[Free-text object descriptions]
[Start of Attachment]
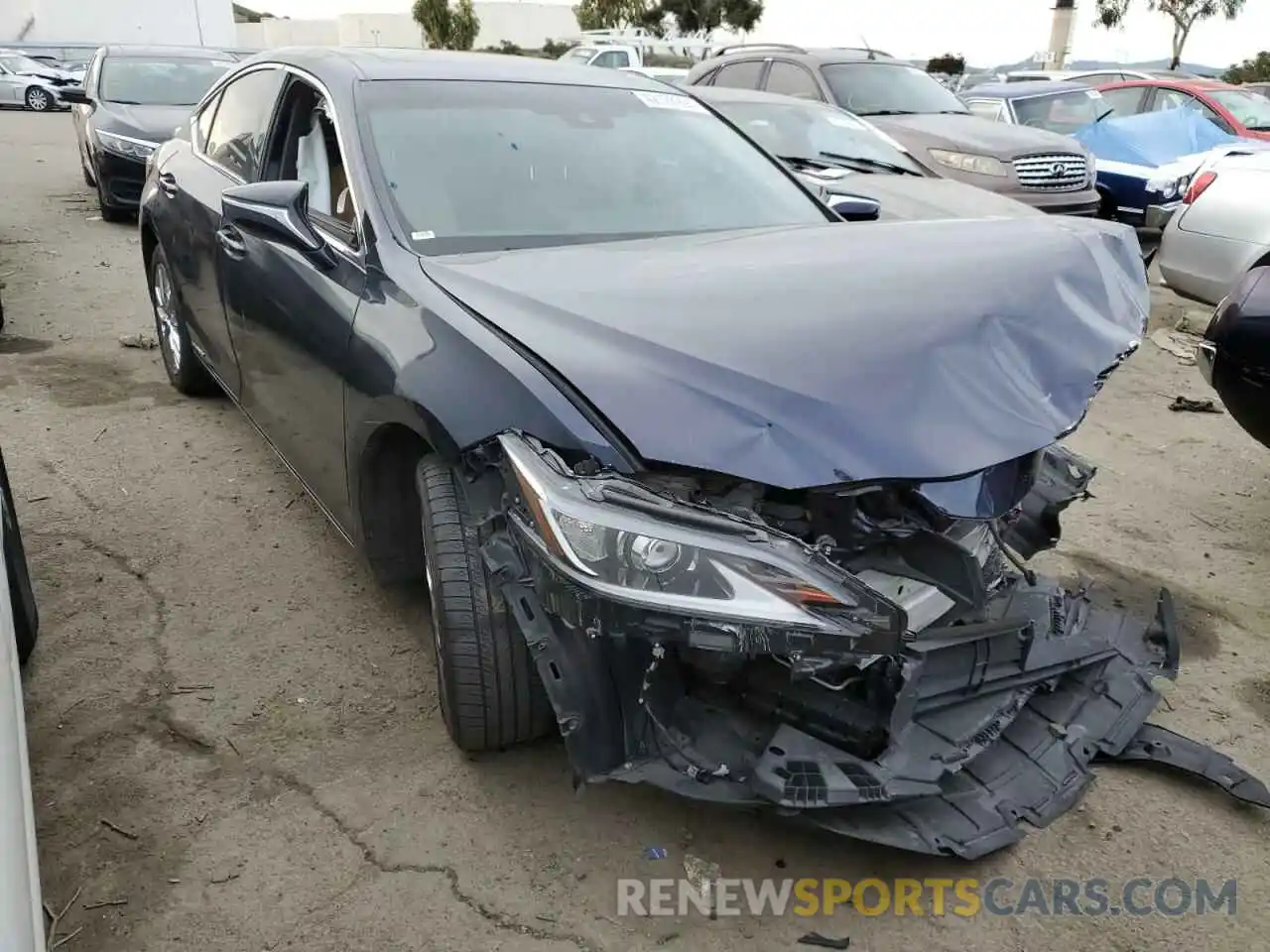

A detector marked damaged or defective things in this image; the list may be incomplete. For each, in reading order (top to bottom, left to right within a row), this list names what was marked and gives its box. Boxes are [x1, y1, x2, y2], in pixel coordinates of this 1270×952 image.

crumpled hood [95, 103, 190, 143]
crumpled hood [802, 169, 1041, 220]
crumpled hood [878, 112, 1086, 157]
broken headlight [495, 433, 904, 642]
damaged dark blue sedan [139, 48, 1270, 863]
dented hood crease [421, 218, 1148, 492]
crumpled hood [429, 216, 1153, 492]
damaged front end [467, 431, 1270, 858]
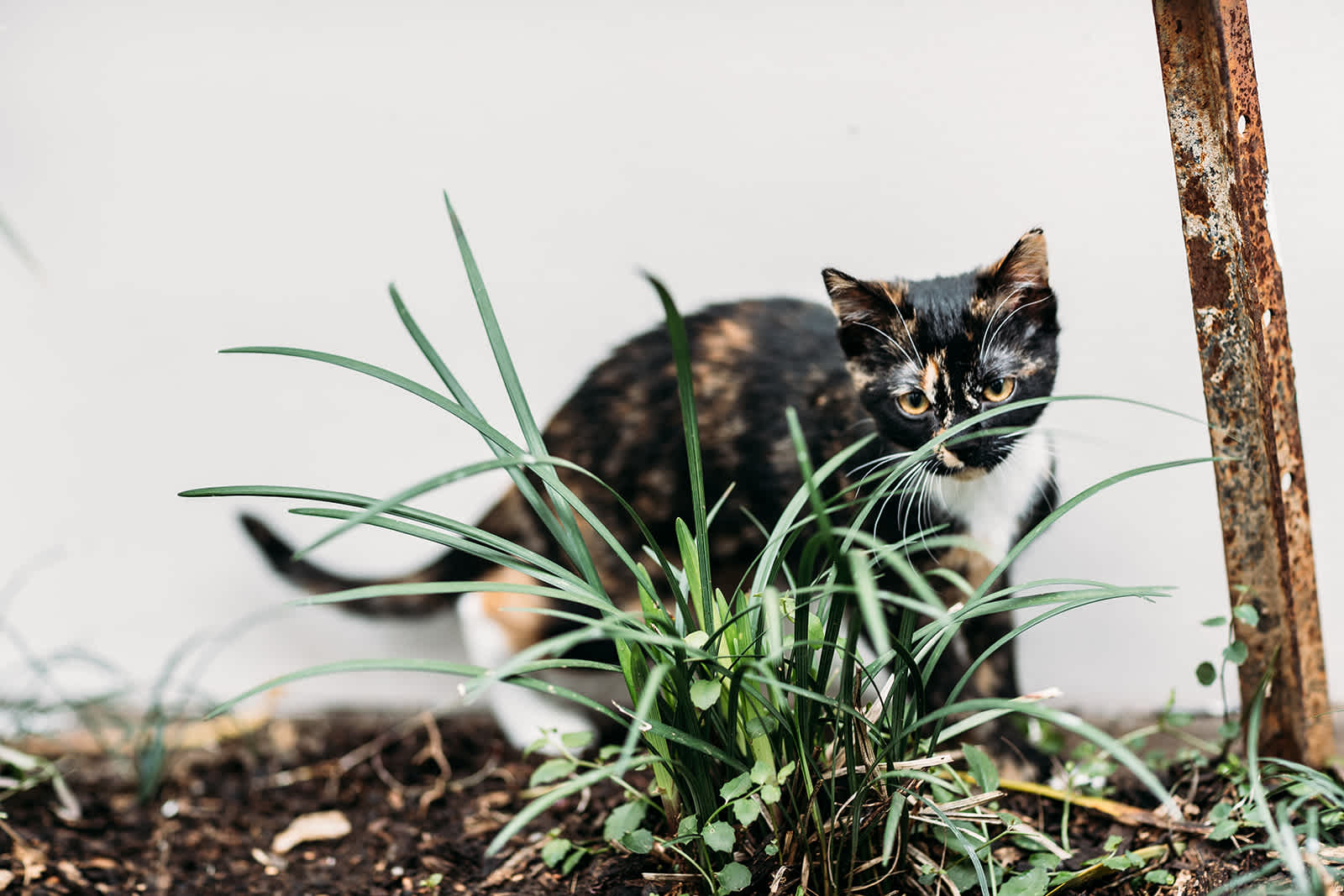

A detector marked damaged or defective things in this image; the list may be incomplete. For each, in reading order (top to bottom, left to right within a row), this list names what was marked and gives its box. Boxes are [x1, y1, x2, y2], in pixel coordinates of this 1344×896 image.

rusty metal pole [1156, 2, 1331, 769]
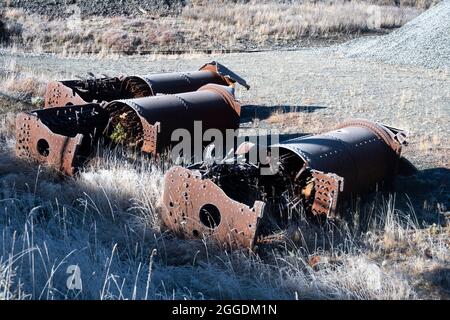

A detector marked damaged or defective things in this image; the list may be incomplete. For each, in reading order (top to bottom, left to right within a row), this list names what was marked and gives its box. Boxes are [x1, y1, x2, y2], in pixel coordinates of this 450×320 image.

oxidized iron fragment [15, 104, 108, 175]
rusted steam boiler [43, 61, 248, 107]
oxidized iron fragment [44, 62, 250, 108]
oxidized iron fragment [103, 84, 241, 154]
corroded metal cylinder [103, 84, 241, 154]
rusted steam boiler [161, 119, 408, 248]
oxidized iron fragment [161, 119, 408, 248]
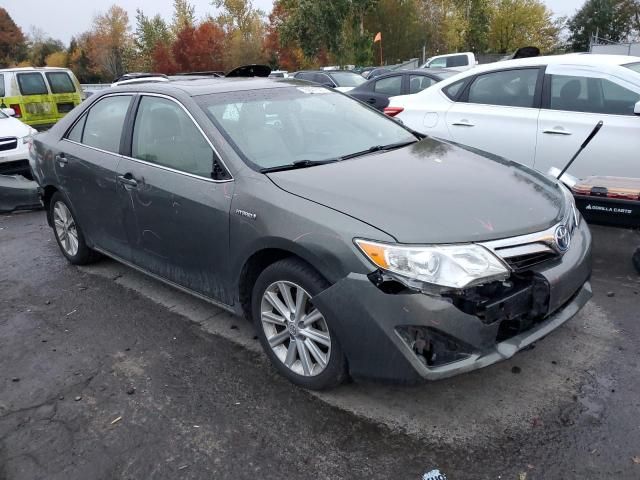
[End of Attachment]
◆ WORK ITEM: Every record must be copied exactly, with the pictures left out.

◆ SOLUTION:
A detector marked damaged or defective things in this image; the list may be incomplete. For each, in reading order (top to bottom, left to right within a row), this list names what was marked and gives its box. Boxes are [x1, y1, x2, y2], in pixel coordinates of this 1270×952 image.

crumpled hood [95, 103, 190, 143]
crumpled hood [802, 169, 1041, 220]
crumpled hood [878, 112, 1086, 157]
broken headlight [495, 433, 904, 642]
damaged dark blue sedan [139, 48, 1270, 863]
dented hood crease [421, 218, 1148, 492]
crumpled hood [429, 216, 1153, 492]
damaged front end [467, 431, 1270, 858]

A detector marked damaged or defective things in this image; the list may be incomplete. For each, in reading order (top to bottom, left to right within a row), this list names what was marked and gives its box. Boxes are [x1, y1, x2, y2], in pixel coordinates of this 1344×896 image.

rusty metal pole [1156, 2, 1331, 769]

A detector marked damaged or defective things in this image; the list may be incomplete. For each, in reading order (top to bottom, left to right within a row), this list names what was marked and gives its box. Boxes are [x1, y1, x2, y2], in pixel coordinates of this 450×320 image.

oxidized iron fragment [15, 104, 108, 175]
rusted steam boiler [43, 61, 248, 107]
oxidized iron fragment [44, 62, 250, 108]
oxidized iron fragment [103, 84, 241, 154]
corroded metal cylinder [103, 84, 241, 154]
rusted steam boiler [161, 119, 408, 248]
oxidized iron fragment [161, 119, 408, 248]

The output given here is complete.